La Croix, 24 juillet 1994, par Michel Crépu
Mario Luzi, parole et barbarie
[…] Mais entre la simplicité des choses et l’armature des mythes, il y a l’histoire. L’histoire, c’est-à-dire la barbarie : c’est tout le thème du Livre d’Hypatie que Luzi, cette fois proche en cela d’un T. S. Eliot, médite en éternel contemporain du grand affrontement des puissances du Bien aux forces du Mal. Simpliste ? Voire…
Nous sommes au Ve siècle, à l’heure, pour l’Empire romain, du commencement de la débâcle. Hypatie, ultime figure de proue de la philosophie néo-platonicienne, est aux prises avec les forces déchaînées d’un jeune christianisme d’État qui lui échappent. Hypatie est assassinée dans une église par des fanatiques. Où sommes-nous ? Au Ve siècle ? Au XXe ? Et de quel affrontement s’agit-il ? La raison contre l’obscurantisme ? Quelle raison ? Quel obscurantisme ?
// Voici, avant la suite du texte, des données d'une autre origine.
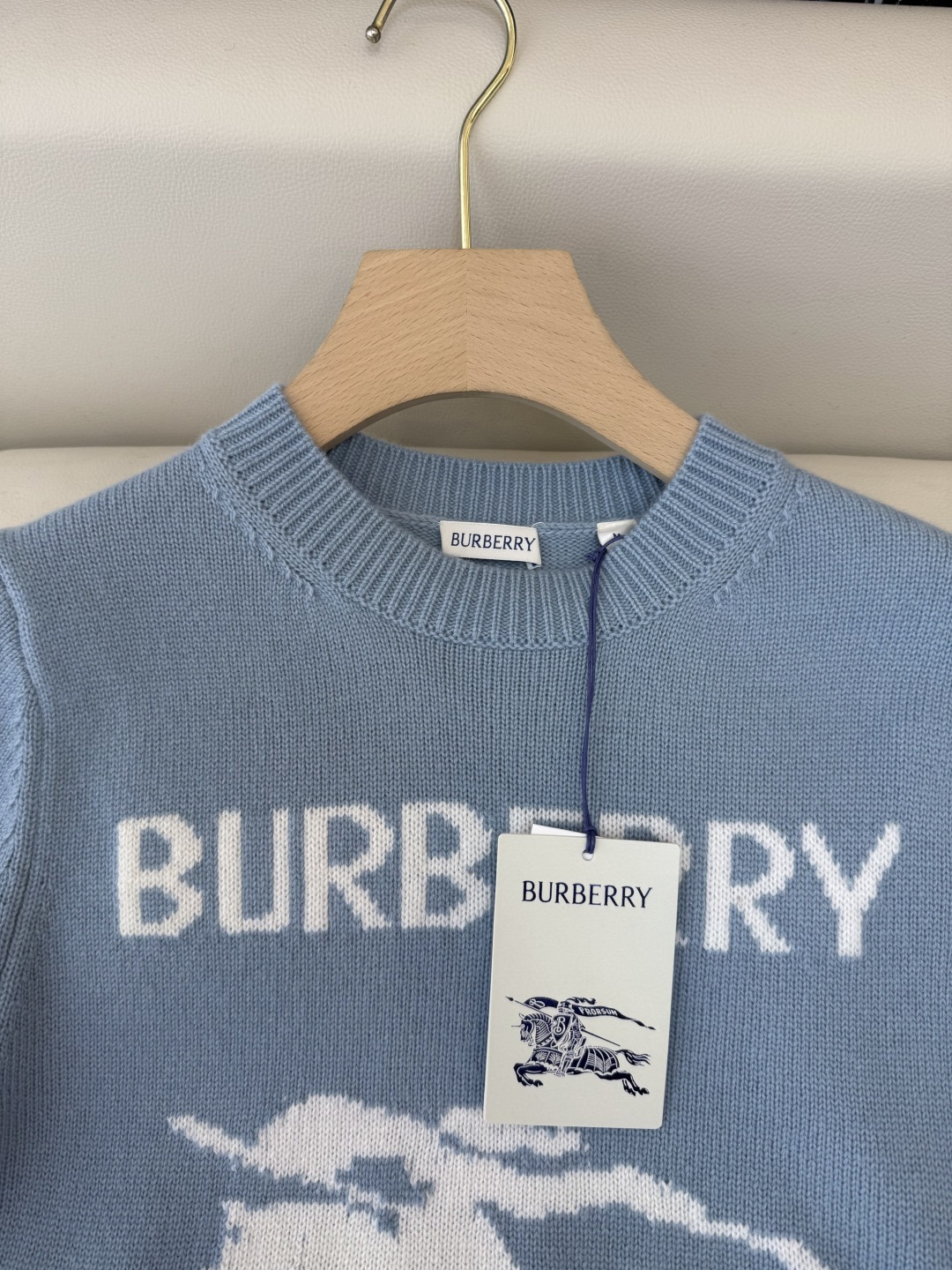 QG0133#新款毛衣‼️Bur 字母战马logo 短袖 毛衣 蓝色 白色 SML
Un personnage s’écrie : « Les temps nous poussent – à parler en apostrophant – des hauts projets de la raison. Quel dévoiement ! Quelque chose s’est produit, tu le sais, quelque chose d’irréversible et tout est devenu messianique. Un piège de l’histoire… » Un piège oui, comme si le nom du Messie était devenu celui, diabolique, de la « Légion » dont parle l’Apôtre.
Dans ses recueils les plus contemporains, tels que Pour le baptême de nos fragments et L’Incessante origine, Luzi affrontait l’éclatement du monde et la parole poétique s’est trouvée dramatiquement responsabilisée. Le Livre d’Hypatie médite ce mal, plus profond encore, ou c’est la parole elle-même, dernière espérance d’unification, qui se voit prise au piège. Dès lors, comment et quoi répondre si parler c’est mentir et se taire accepter la loi de Mort ? Telle est peut-être, pour Luzi, le « fond du problème ». Le nôtre, de toute évidence, si aisément balayé à coups de cris et de formules fétiches, petits procureurs et faux rebelles se bousculant à la tribune.
« Comme est délicat et vulnérable le bourgeon de vérité d’une époque », dit encore une voix du Livre d’Hypatie. Il sera revenu à Mario Luzi, enfant de la Toscane, du cœur si vulnérable et séculaire de la vieille Europe, de nous le faire toucher du doigt. Comme l’on tente parfois d’apprendre le printemps aux aveugles qui n’en savent rien.